▶ _DATA PROVIDED_
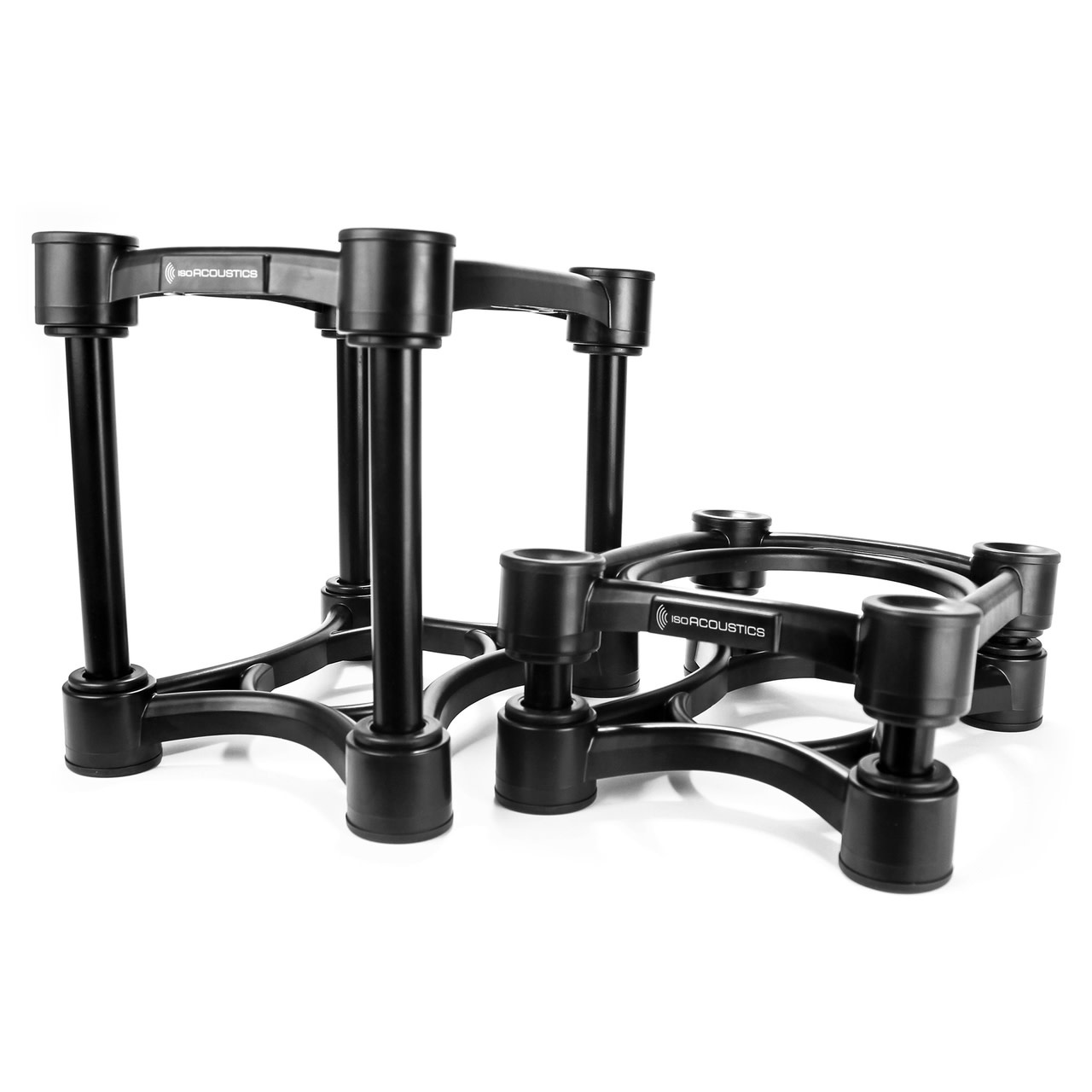 IsoAcoustics ISO-130 Studio Isolation Stands | Shop Online - AV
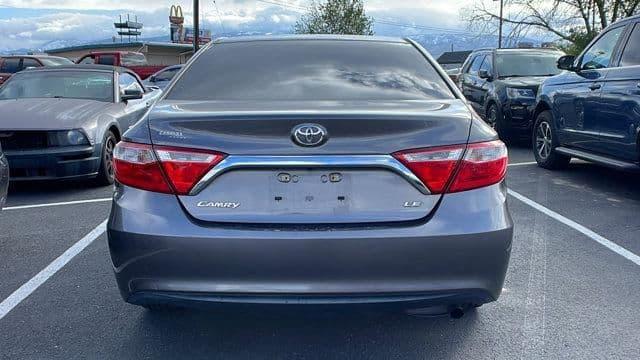 2016 toyota camry le in reno, nevada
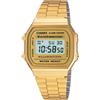 Casio Orologio CASIO A168WG-9 VINTAGE Acciaio Dorato Uomo Donna Unisex Classico DD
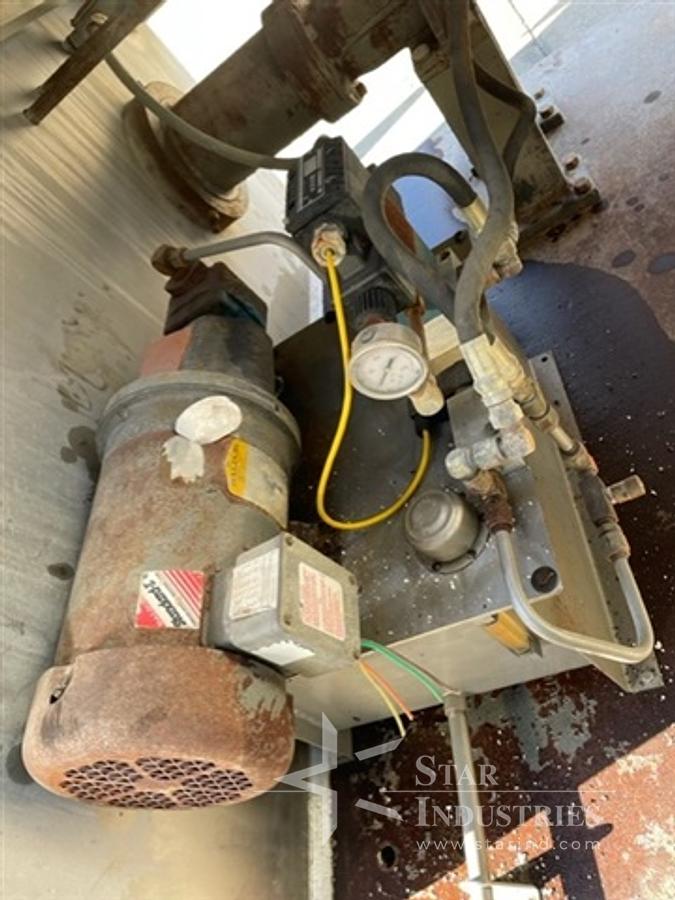 Used Shaffer Model 10-RD Single Sigma Blade Dough Mixer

▶ _EXERCISE REQUIREMENTS_
Lines from the one with "Casio Orologio CASIO" through the final line of the listing above: copy them exactly, both ends included, and omit every picture.

▶ _RESULT BELOW_
 Casio Orologio CASIO A168WG-9 VINTAGE Acciaio Dorato Uomo Donna Unisex Classico DD
 Used Shaffer Model 10-RD Single Sigma Blade Dough Mixer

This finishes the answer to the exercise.